On one of the last days of shooting, we were way behind schedule. We had several more set-ups to go and it was already midnight. Outside it was 30 degrees and we were filming in a log cabin that was even colder. Albert was playing a character called the Blue Demon. He wasn’t wearing a shirt, his body painted blue. Everyone was frustrated and over it. On the last take, I yelled “Action!” Albert sauntered over to the bed slowly, menacingly. He was supposed to get into bed, but he stopped short. He paused. Everyone watched the monitor. What’s he doing? Shivering, we tried to will him into bed. He waited another second longer. All the sudden, he dropped to his knees and started praying. This was not in the script and it was never discussed. I watched in awe. He only did it on that take, and that’s the take we used in the final film.
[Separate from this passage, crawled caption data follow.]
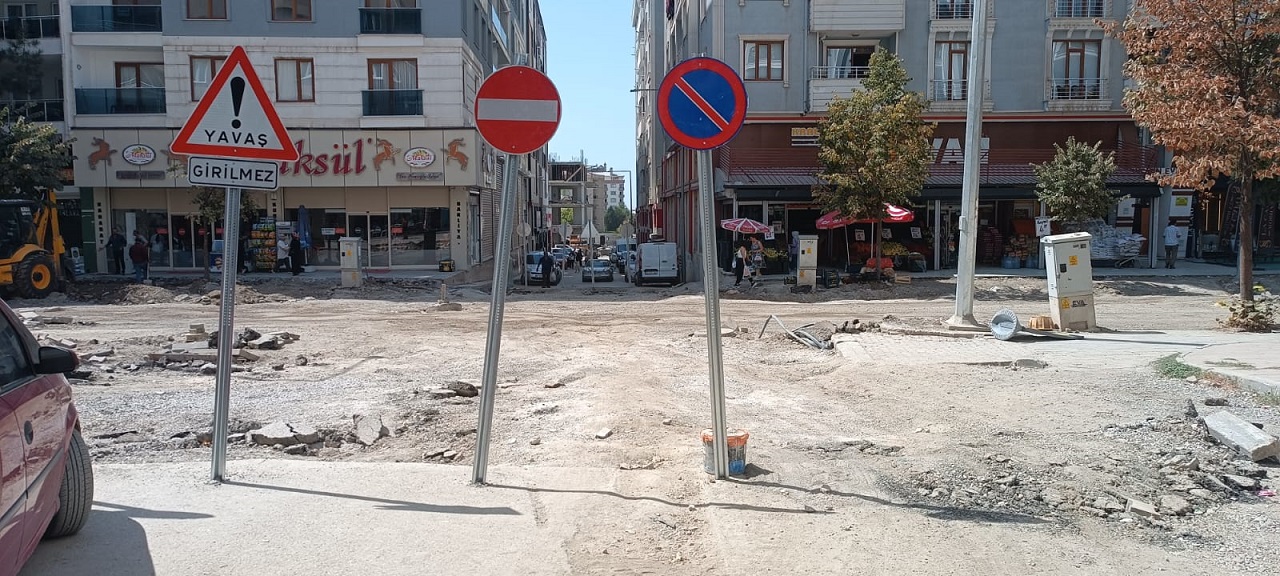 Van Suvaroğlu Caddesi (1)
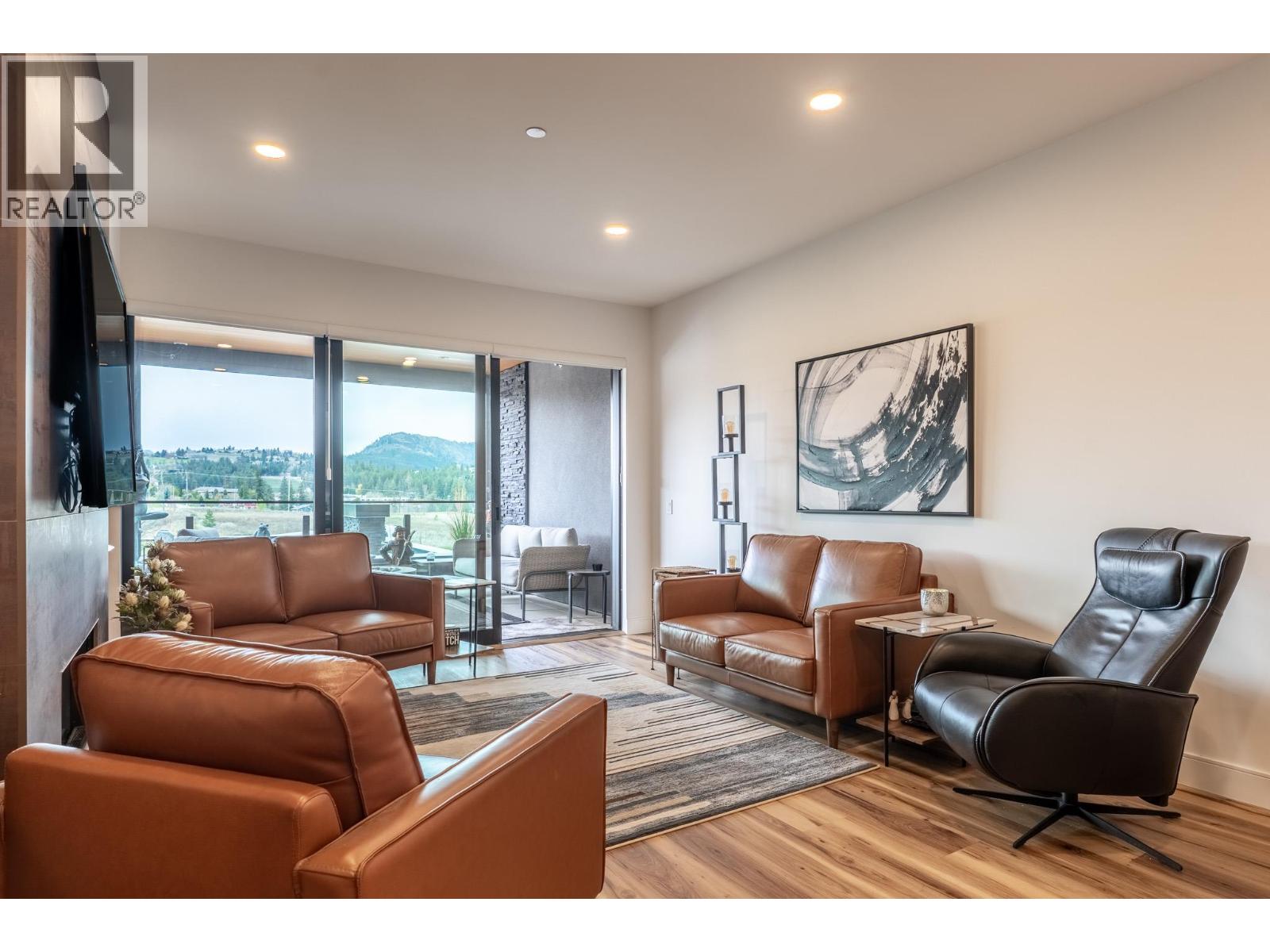 3000 Ariva Drive Unit# 3207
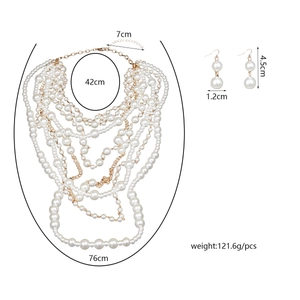 Vista detallada del conjunto de collar de perlas multicapa y pendientes con medidas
When I got the call that we had gotten into Sundance, it was a surreal set of emotions. I was relieved, overwhelmed, excited, proud. But also, I reflected on how long it took to get here. Egotistically, I had pictured this moment coming a lot earlier in my life, say when I was 25 years old and my family was still intact and I could call up my dad and have him be proud of me. It also felt unimportant, in a way. Like, this acceptance didn’t mean anything really. It didn’t mean my life was going to change, it didn’t mean I had “made it.” The chances that our movie would sell and get seen and liked were still small. And even if it did, we’d tell ourselves that’s not why we do this.
For the past several summers, Albert has invited a group of friends to go tubing and hang out for a weekend in the country. I usually spend a lot of time floating on my tube alone, behind or in front of everyone else, just appreciating the slowness and quiet of the lazy river. I’ll just lie there and look up at the trees, or notice the time it takes to reach an overpass, or a bend in the river. And eventually I’ll return to the group, and somebody will set up a bottle across the river, and we’ll throw rocks until we hit it. It takes a while. I guess that’s the fun of it.